• [Assigned task]
An exact copy of every entry is required, without the pictures.

• [Saved data entries]
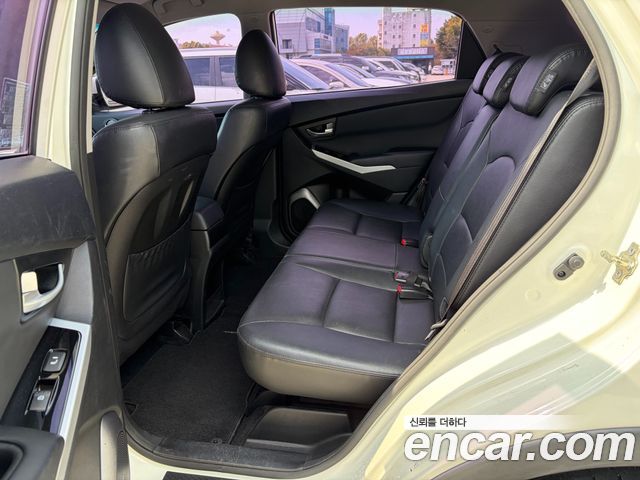 KG Mobility (SsangYong) Korando C 2.2 RX 2WD SUP 2017 — фото 24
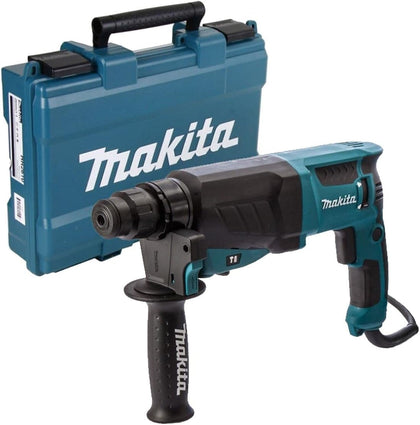 Makita HR2630 Corded Hammer Drill w/case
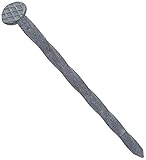 Hillman Fasteners 461347 3 " 10dスパイラルデッキネイル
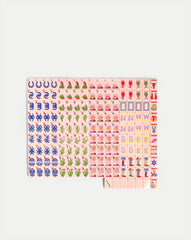 Ranch Mahjong Tile Set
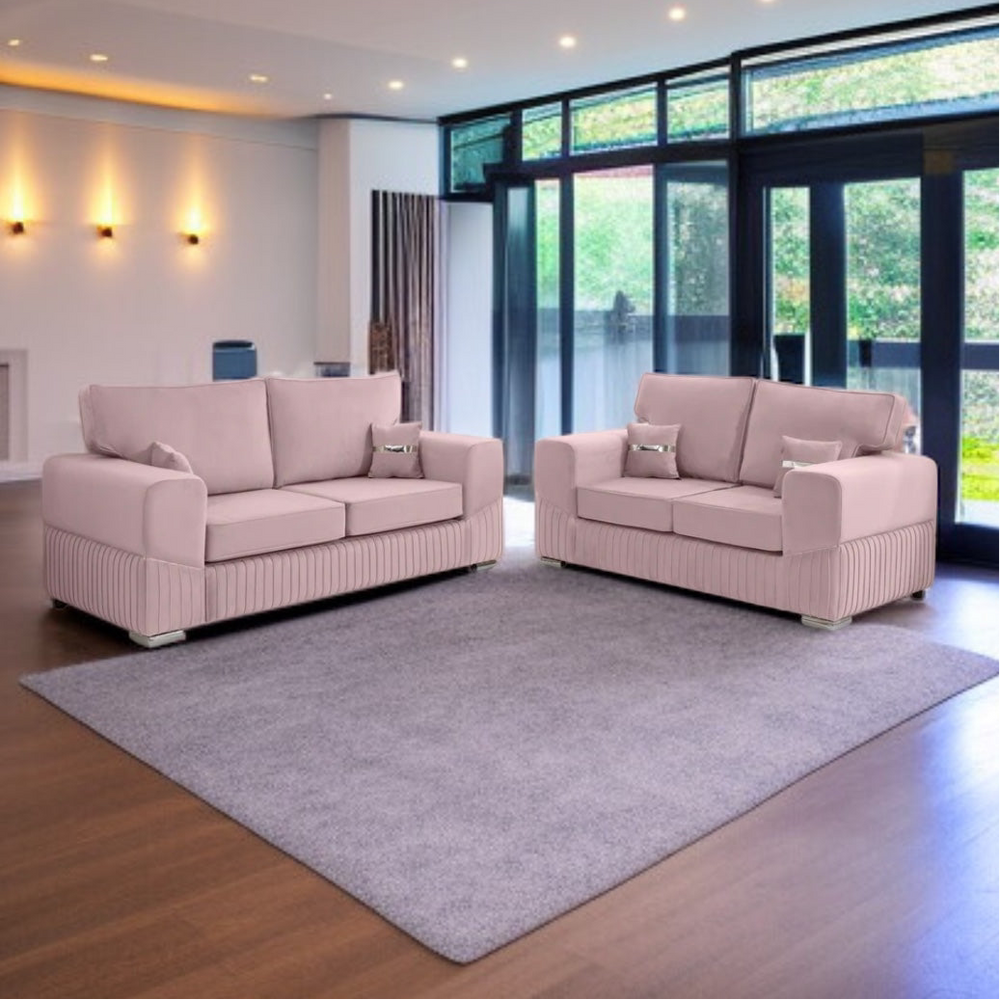 Marcelo 3+2 Sofa Set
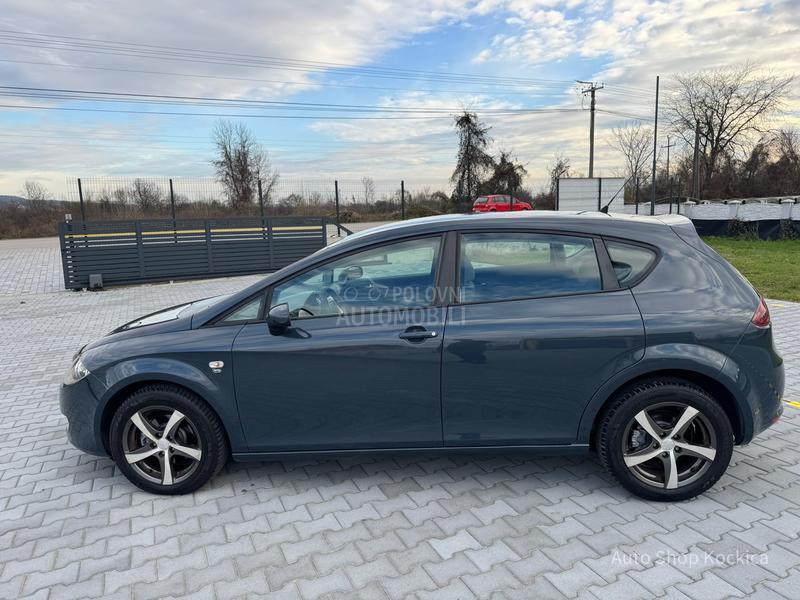 Seat Leon 1.9TDI za pocetnike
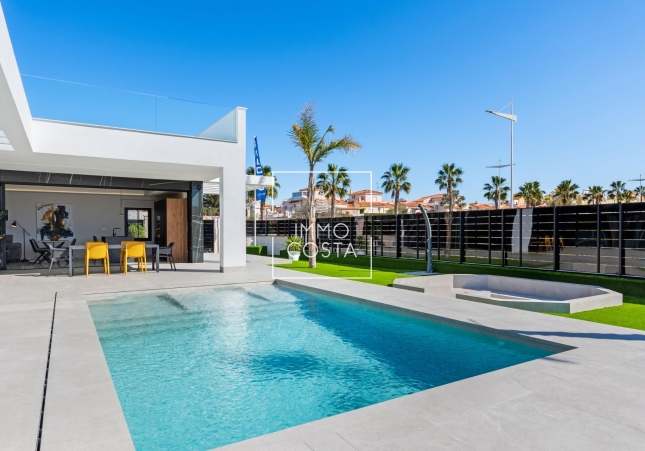 Nowy budynek - Villa - Algorfa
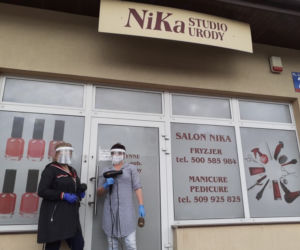Otwórzcie salony!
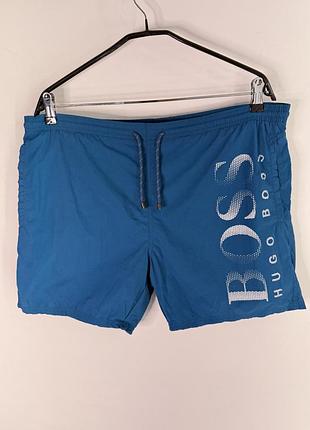 Hugo boss octopus swimming nylon shorts m/l size шорти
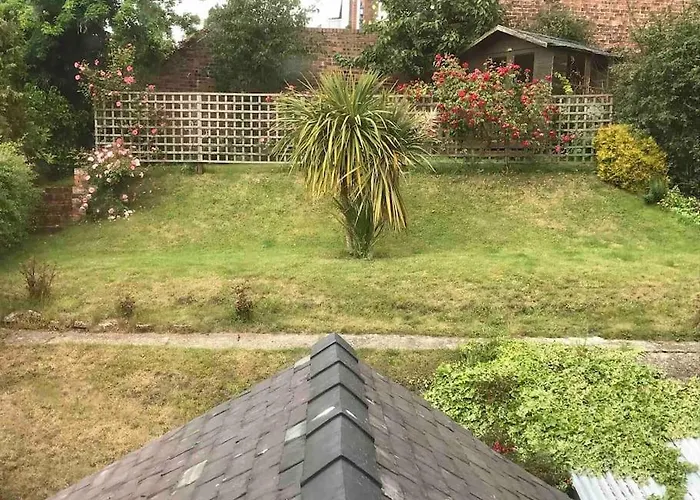 4 Avenue House * スカーバラ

• [Your solution]
 KG Mobility (SsangYong) Korando C 2.2 RX 2WD SUP 2017 — фото 24
 Makita HR2630 Corded Hammer Drill w/case
 Hillman Fasteners 461347 3 " 10dスパイラルデッキネイル
 Ranch Mahjong Tile Set
 Marcelo 3+2 Sofa Set
 Seat Leon 1.9TDI za pocetnike
 Nowy budynek - Villa - Algorfa
Otwórzcie salony!
 Hugo boss octopus swimming nylon shorts m/l size шорти
 4 Avenue House * スカーバラ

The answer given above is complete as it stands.